‘Waitress’: The awful murder of genius director Adrienne Shelly
Adrienne Shelly made a career out of roles featuring powerful women. Between her acting roles in The Unbelievable Truth and Trust, and her turns behind the camera in I’ll Take You There and Waitress, the piece that would’ve made her a household name.
But powerful women, unfortunately, pull in enemies, intimidated by them. Adrienne Shelly saw this herself when a construction worker followed Shelly back to her office, and murdered her, but left the scene looking like a suicide.
Shelly was set to find out about Waitress being accepted into the 2007 Sundance Film Festival, but she never saw the success of her film, dying on November 1st, 2006. With that, a powerful voice in the film industry was taken away far too soon.
A powerful woman on the verge of an international hit
While the film itself may not be the legacy left behind with Waitress, the success of its musical adaptation proves the story Shelly wanted to tell can move worldwide audiences.
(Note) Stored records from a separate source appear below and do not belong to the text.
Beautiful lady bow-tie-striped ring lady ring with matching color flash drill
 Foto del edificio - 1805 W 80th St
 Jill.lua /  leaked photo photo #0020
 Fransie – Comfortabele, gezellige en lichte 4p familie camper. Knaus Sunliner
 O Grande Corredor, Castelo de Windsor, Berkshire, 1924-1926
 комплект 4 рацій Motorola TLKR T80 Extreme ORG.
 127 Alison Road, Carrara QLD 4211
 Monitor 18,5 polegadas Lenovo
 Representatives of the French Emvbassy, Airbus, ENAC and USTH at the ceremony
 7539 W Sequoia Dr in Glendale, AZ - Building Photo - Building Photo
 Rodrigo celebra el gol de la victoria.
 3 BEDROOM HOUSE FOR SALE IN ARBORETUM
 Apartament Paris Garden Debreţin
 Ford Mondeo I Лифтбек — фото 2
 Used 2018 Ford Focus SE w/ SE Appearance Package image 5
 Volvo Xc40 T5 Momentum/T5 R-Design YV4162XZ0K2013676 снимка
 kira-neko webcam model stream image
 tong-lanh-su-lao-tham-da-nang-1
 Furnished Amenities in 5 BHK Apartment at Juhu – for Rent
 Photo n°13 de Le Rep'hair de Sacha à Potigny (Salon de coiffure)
Her final film, Shelly wrote, directed, worked on the set and costume design, and acted in as Dawn.
If you’ve never seen Shelly’s work outside of Waitress, all you need to know about her is right there in the Keri Russell-led film. She’s not afraid to speak her mind, honest about the mistakes she’s made in her life, and most important of all: knows her worth, no matter what anyone else says about it.
Those who’ve had the pleasure to work with Shelly note how ferocious and unintimidated she was. She made it clear what her vision was, and made sure that came through. Even when it came to acting, she started telling the stories she wanted to be a part of, rather than waiting for an agent to come around with her dream role. A woman like Shelly is exactly what Hollywood needed. Unfortunately, they didn’t get to know her for long.
Paths crossing in the wrong way
Shelly’s killer, Diego Pillco, was a construction worker in NYC working on the apartment building Shelly rents an office out of. He’s changed his story on multiple occasions, but the one that fits best with the evidence is that he followed her into her apartment, attacked her, and then staged the fake suicide to make it look like she killed herself.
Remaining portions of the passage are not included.